Collection Management
CreateCollection
Creates a new independent vector index.
rpc CreateCollection (CreateCollectionRequest) returns (StatusResponse);
message CreateCollectionRequest {
string name = 1;
uint32 dimension = 2; // e.g. 1536, 1024, 64
string metric = 3; // "l2", "euclidean", "cosine", "poincare", "lorentz"
}
DeleteCollection
Drops a collection and all its data.
rpc DeleteCollection (DeleteCollectionRequest) returns (StatusResponse);
ListCollections
Retrieves all active collections for the current tenant, including their metadata.
rpc ListCollections (Empty) returns (ListCollectionsResponse);
message ListCollectionsResponse {
repeated CollectionSummary collections = 1;
}
message CollectionSummary {
string name = 1;
uint64 count = 2;
uint32 dimension = 3;
string metric = 4;
}
GetCollectionStats
Returns real-time statistics for a single collection.
rpc GetCollectionStats (CollectionStatsRequest) returns (CollectionStatsResponse);
message CollectionStatsResponse {
uint64 count = 1;
uint32 dimension = 2;
string metric = 3;
uint64 indexing_queue = 4;
}
Vector Operations
Insert
Ingests a vector into a specific collection.
rpc Insert (InsertRequest) returns (InsertResponse);
message InsertRequest {
string collection = 1; // Collection name
repeated double vector = 2; // Data point
uint32 id = 3; // External ID
map<string, string> metadata = 4; // Metadata tags
DurabilityLevel durability = 7; // Durability override
map<string, MetadataValue> typed_metadata = 8; // Typed metadata (int/float/bool/string)
}
enum DurabilityLevel {
DEFAULT_LEVEL = 0; // Use server config
ASYNC = 1; // Flush OS cache (Fastest)
BATCH = 2; // Background fsync (Balanced)
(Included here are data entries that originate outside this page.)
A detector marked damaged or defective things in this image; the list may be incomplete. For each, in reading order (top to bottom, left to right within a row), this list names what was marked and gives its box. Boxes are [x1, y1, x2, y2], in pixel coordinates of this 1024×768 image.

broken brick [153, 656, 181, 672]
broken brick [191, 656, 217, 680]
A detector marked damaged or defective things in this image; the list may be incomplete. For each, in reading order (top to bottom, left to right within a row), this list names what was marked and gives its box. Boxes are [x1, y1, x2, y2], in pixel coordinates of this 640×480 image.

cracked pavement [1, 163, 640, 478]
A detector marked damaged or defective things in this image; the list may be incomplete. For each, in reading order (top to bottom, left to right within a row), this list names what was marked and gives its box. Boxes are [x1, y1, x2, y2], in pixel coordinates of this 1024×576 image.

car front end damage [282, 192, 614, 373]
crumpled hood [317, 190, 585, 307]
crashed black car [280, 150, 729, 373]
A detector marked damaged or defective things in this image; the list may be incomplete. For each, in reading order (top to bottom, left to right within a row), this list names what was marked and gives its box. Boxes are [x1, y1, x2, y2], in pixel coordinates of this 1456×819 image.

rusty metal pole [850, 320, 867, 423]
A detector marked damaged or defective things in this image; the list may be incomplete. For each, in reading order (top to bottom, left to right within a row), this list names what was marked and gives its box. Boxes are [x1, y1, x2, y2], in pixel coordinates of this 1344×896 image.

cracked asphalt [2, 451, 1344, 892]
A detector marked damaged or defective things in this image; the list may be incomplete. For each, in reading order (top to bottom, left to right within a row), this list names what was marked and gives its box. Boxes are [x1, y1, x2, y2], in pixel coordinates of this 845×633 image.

STRICT = 3; // Fsync every write (High Safety)
}
typed_metadata is the preferred metadata path for new clients. String metadata remains as a compatibility path.
Search
Finds nearest neighbors.
rpc Search (SearchRequest) returns (SearchResponse);
message SearchRequest {
string collection = 1;
repeated double vector = 2;
uint32 top_k = 3;
// Metadata string filter (e.g. "category:book")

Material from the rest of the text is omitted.